A majority of the state’s 415 urban water districts already have drought emergency plans, but the state’s call to action is expected to generate tougher rules and stiffer enforcement statewide. Thursday, Gov. Jerry Brown is expected to announce $1 billion in emergency drought funding. Last year he called on Californians to reduce their water use by 20 percent, but residents cut back only 10 percent.

Local water districts “are now required to begin reporting to us all enforcement activity,” said George Kostyrko, spokesman for the state agency. “How many complaints, how many they respond to, how they handle it, do they fine them.”

The Metropolitan Water District, which supplies the Los Angeles area, will vote next month on whether to cut water allocation, said Marty Adams, the senior assistant manager of water at the Los Angeles Department of Water and Power. “Depending on how much of a cutback, that’ll helps us decide whether we need to do more,” he said.

The agency is evaluating its current drought emergency plan to add another drought stage that would require cutting lawn watering from the current limit of three days a week to two days a week.

“We’re already evaluating it,” Adams said. “It could get worse this summer.”

More will be known next month, after the final snowpack survey is released April 1. The East Bay Municipal Utility District has been limiting outdoor watering — which uses up to 18 percent of water supplies statewide — since August, and its board will consider tougher rules in April. “It’s time to step up and increase conservation,” said spokeswoman Tracie Morales.

The agency will consider excessive-use fees for residents who use more water than the community average.

The district received 2,447 reports of water waste since August but has not issued any fines. Instead, offenders were paid a visit at home or received e-mails and phone calls. “We found that the carrot works better than the stick,” Morales said.

Customers used 13 percent less water last year than the year before, but conservation slipped after the driest January on record and only one rainstorm in February.

The state’s actions aim to jolt residents and raise awareness of the dire conditions California faces.

“We are experiencing the lowest snowpack and the driest January in recorded history, and communities around the state are already suffering severely from the prior three years of drought,” said State Water Board Chairwoman Felicia Marcus in a press release. “If the drought continues through next winter and we do not conserve more — the consequences could be even more catastrophic than they already are.”

She called this week’s action “just a tuneup and a reminder to act.” She said the board will consider more severe actions in coming weeks.

“We are very concerned about individual property owners being mindful that we are in the fourth year of a drought,” Kostyrko said. “If we get into a fifth year of drought, we’ll definitely be more prescriptive.”

Statewide, water use from July to January was down 9 percent compared with the same period the year before. In December, it was down 22.5 percent.

“We have a lot more to go,” Kostyrko said.

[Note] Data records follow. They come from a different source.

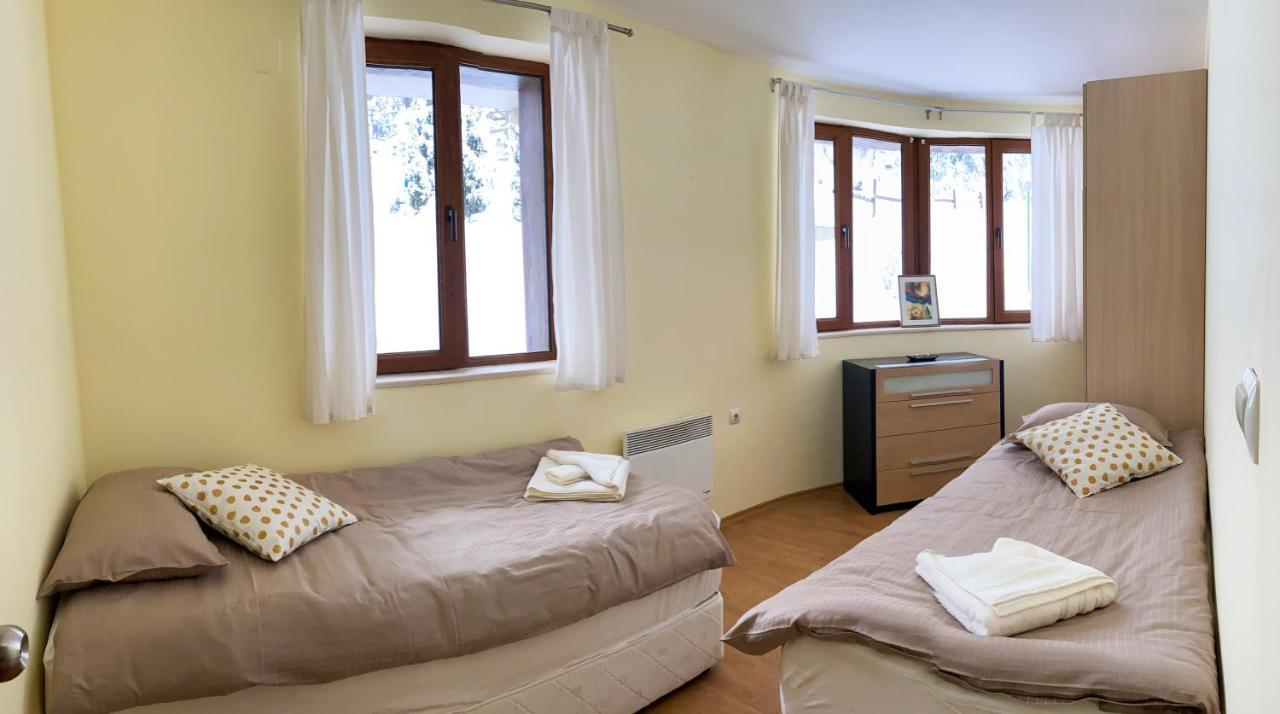 Ski Area 202 Apt, The Castle 1, ปอมโปโรโว ภายนอก รูปภาพ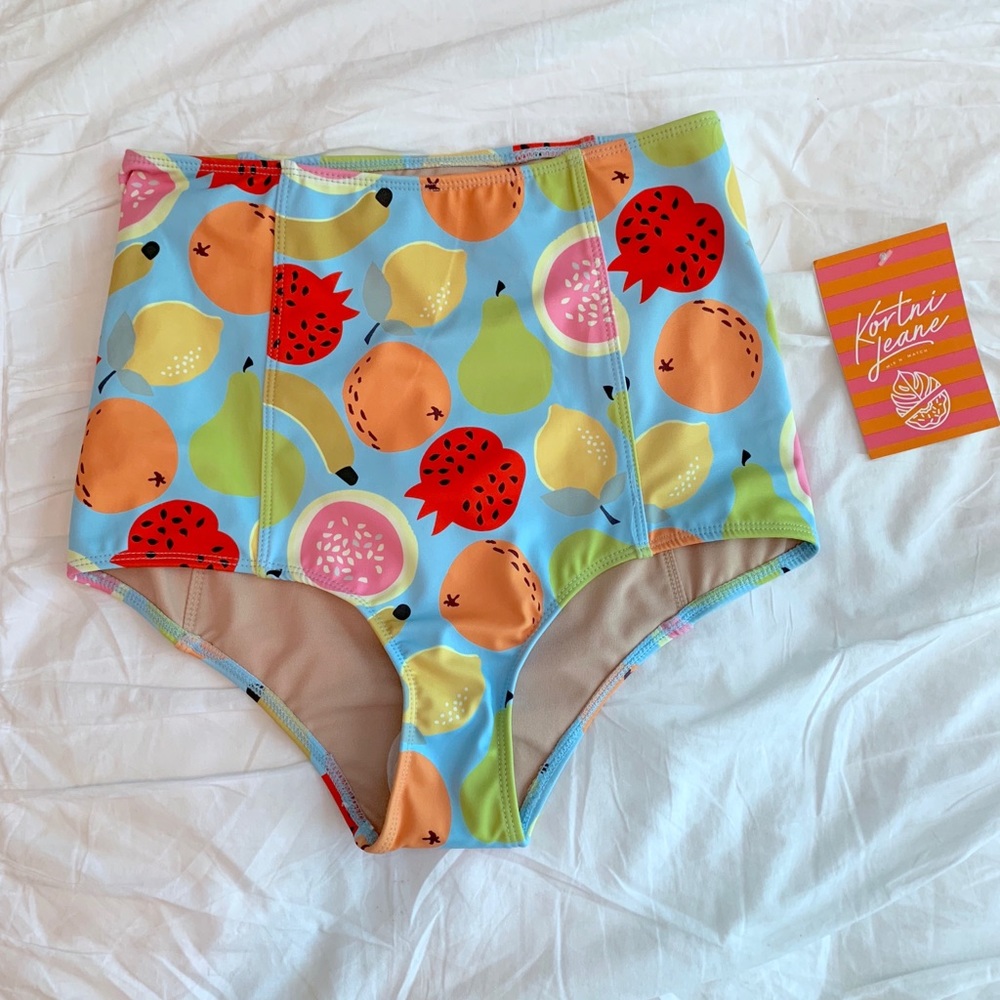 XS NWT Kortni Jeane fruit salad bottoms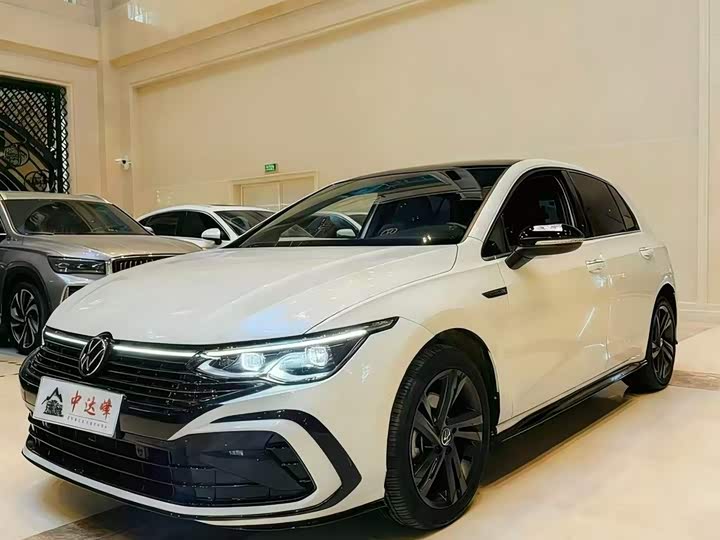 Фото 2 - Volkswagen Golf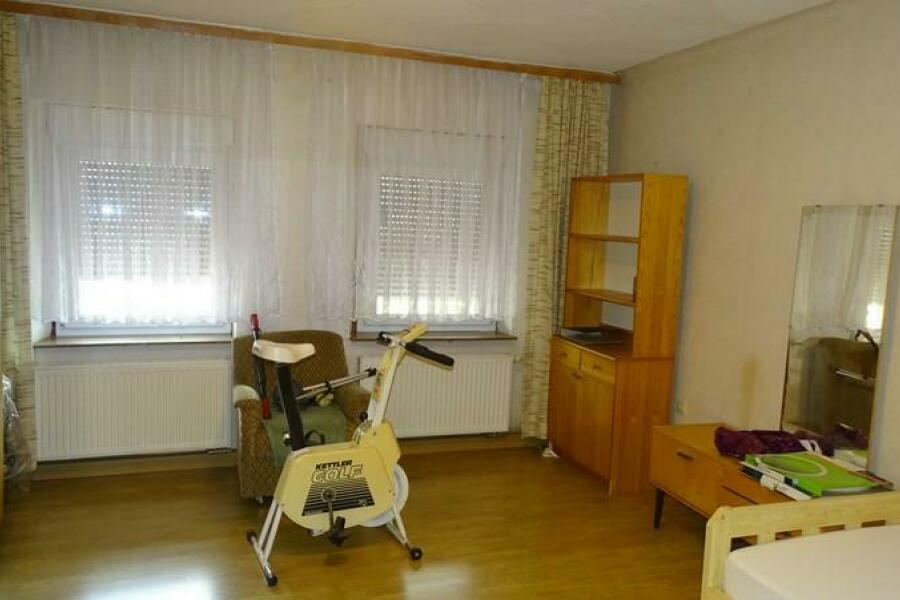 Schlafzimmer.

Visalia, in the San Joaquin Valley, has had mandatory restrictions since 1991. It tightened them last year when it moved to a stage 4 drought emergency and is poised to enact deeper cuts again this year.

The City Council is considering barring all outdoor watering during three winter months instead of two, prohibiting washing of buildings except for paint priming and requiring drought-resistant landscaping for all new commercial and residential construction.

The city also wants to add a fourth part-time employee to enforce restrictions.

Visalia issued 2,831 notices of violations last year and 189 citations, with fines ranging from $100 to $500. The first two months of this year, 485 notices and 52 citations were issued, said Kim Loeb, the natural resource conservation manager for the city.

“Most people will get the message when they get their first notice of violation,” he said. “It’s working. We need to keep at it … We all have a long way to go.”

Water use dropped 10 percent last year but picked up again during record dry winter months.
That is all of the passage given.